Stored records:

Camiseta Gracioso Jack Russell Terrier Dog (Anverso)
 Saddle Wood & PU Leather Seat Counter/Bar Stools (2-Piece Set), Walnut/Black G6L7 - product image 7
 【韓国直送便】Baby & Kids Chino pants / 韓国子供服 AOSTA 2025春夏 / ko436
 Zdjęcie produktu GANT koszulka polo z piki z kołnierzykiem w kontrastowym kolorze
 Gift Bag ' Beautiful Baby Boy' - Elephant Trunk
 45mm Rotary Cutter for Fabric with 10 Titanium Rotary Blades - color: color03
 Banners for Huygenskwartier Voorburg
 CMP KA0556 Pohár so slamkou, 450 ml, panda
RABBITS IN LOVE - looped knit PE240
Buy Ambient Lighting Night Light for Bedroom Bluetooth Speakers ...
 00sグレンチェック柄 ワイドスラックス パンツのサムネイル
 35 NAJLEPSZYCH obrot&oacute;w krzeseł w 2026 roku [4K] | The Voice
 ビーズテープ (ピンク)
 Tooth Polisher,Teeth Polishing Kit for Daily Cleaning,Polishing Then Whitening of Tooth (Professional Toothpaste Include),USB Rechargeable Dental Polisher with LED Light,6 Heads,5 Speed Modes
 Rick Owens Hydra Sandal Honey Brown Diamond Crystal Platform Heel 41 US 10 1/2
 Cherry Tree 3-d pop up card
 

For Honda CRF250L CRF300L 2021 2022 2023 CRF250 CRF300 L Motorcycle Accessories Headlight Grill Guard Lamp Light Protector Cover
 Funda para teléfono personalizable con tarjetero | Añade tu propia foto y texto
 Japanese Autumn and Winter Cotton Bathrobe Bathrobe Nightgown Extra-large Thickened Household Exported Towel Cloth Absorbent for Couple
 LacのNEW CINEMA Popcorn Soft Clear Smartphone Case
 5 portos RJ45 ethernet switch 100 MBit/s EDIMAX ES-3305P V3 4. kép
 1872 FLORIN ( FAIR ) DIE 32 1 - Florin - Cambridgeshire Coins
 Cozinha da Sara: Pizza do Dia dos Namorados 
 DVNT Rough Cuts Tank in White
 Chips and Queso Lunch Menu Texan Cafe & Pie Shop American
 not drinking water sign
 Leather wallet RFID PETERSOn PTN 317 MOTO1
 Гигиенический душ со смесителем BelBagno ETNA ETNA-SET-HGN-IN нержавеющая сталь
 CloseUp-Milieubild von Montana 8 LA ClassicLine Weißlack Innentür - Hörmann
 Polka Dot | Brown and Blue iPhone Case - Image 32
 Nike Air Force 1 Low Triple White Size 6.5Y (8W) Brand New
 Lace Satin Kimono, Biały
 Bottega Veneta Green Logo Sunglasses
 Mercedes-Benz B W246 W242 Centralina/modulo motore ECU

• What the task asks
When you reach the end of the data, write every line out again verbatim.

• Finished exercise
Camiseta Gracioso Jack Russell Terrier Dog (Anverso)
 Saddle Wood & PU Leather Seat Counter/Bar Stools (2-Piece Set), Walnut/Black G6L7 - product image 7
 【韓国直送便】Baby & Kids Chino pants / 韓国子供服 AOSTA 2025春夏 / ko436
 Zdjęcie produktu GANT koszulka polo z piki z kołnierzykiem w kontrastowym kolorze
 Gift Bag ' Beautiful Baby Boy' - Elephant Trunk
 45mm Rotary Cutter for Fabric with 10 Titanium Rotary Blades - color: color03
 Banners for Huygenskwartier Voorburg
 CMP KA0556 Pohár so slamkou, 450 ml, panda
RABBITS IN LOVE - looped knit PE240
Buy Ambient Lighting Night Light for Bedroom Bluetooth Speakers ...
 00sグレンチェック柄 ワイドスラックス パンツのサムネイル
 35 NAJLEPSZYCH obrot&oacute;w krzeseł w 2026 roku [4K] | The Voice
 ビーズテープ (ピンク)
 Tooth Polisher,Teeth Polishing Kit for Daily Cleaning,Polishing Then Whitening of Tooth (Professional Toothpaste Include),USB Rechargeable Dental Polisher with LED Light,6 Heads,5 Speed Modes
 Rick Owens Hydra Sandal Honey Brown Diamond Crystal Platform Heel 41 US 10 1/2
 Cherry Tree 3-d pop up card
 

For Honda CRF250L CRF300L 2021 2022 2023 CRF250 CRF300 L Motorcycle Accessories Headlight Grill Guard Lamp Light Protector Cover
 Funda para teléfono personalizable con tarjetero | Añade tu propia foto y texto
 Japanese Autumn and Winter Cotton Bathrobe Bathrobe Nightgown Extra-large Thickened Household Exported Towel Cloth Absorbent for Couple
 LacのNEW CINEMA Popcorn Soft Clear Smartphone Case
 5 portos RJ45 ethernet switch 100 MBit/s EDIMAX ES-3305P V3 4. kép
 1872 FLORIN ( FAIR ) DIE 32 1 - Florin - Cambridgeshire Coins
 Cozinha da Sara: Pizza do Dia dos Namorados 
 DVNT Rough Cuts Tank in White
 Chips and Queso Lunch Menu Texan Cafe & Pie Shop American
 not drinking water sign
 Leather wallet RFID PETERSOn PTN 317 MOTO1
 Гигиенический душ со смесителем BelBagno ETNA ETNA-SET-HGN-IN нержавеющая сталь
 CloseUp-Milieubild von Montana 8 LA ClassicLine Weißlack Innentür - Hörmann
 Polka Dot | Brown and Blue iPhone Case - Image 32
 Nike Air Force 1 Low Triple White Size 6.5Y (8W) Brand New
 Lace Satin Kimono, Biały
 Bottega Veneta Green Logo Sunglasses
 Mercedes-Benz B W246 W242 Centralina/modulo motore ECU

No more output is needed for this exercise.